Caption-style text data
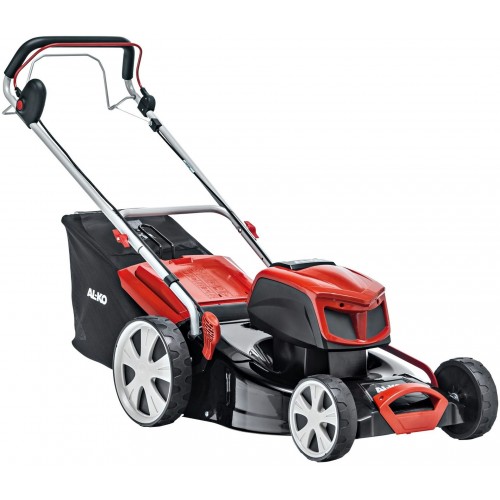 AL-KO 46.9 Li SP Energy Flex Akku-Rasenmäher, akku und Ladegerät 113714 AL-KO 46.9 Li SP Energy Flex Akku-Rasenmäher, akku und Ladegerät 113714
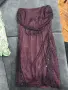 Елегантна рокля Zara , снимка 2
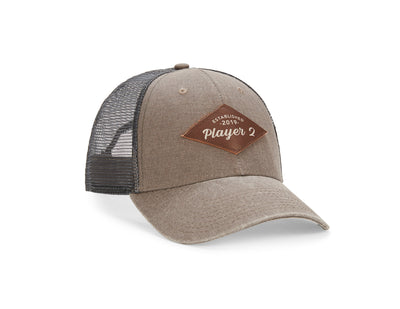 Trucker Mesh Hat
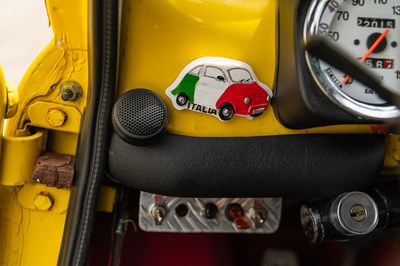 Lot 92 - 1965 Fiat Abarth 695 Evocation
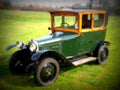 1922 charron charronette A4 Photo Print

■ Work required:
Transcribe exactly the span of lines from the line holding "Елегантна рокля Zara , снимка 2" through the last line above, both included. Pictures stay out.

■ Final answer:
 Елегантна рокля Zara , снимка 2
 Trucker Mesh Hat
 Lot 92 - 1965 Fiat Abarth 695 Evocation
 1922 charron charronette A4 Photo Print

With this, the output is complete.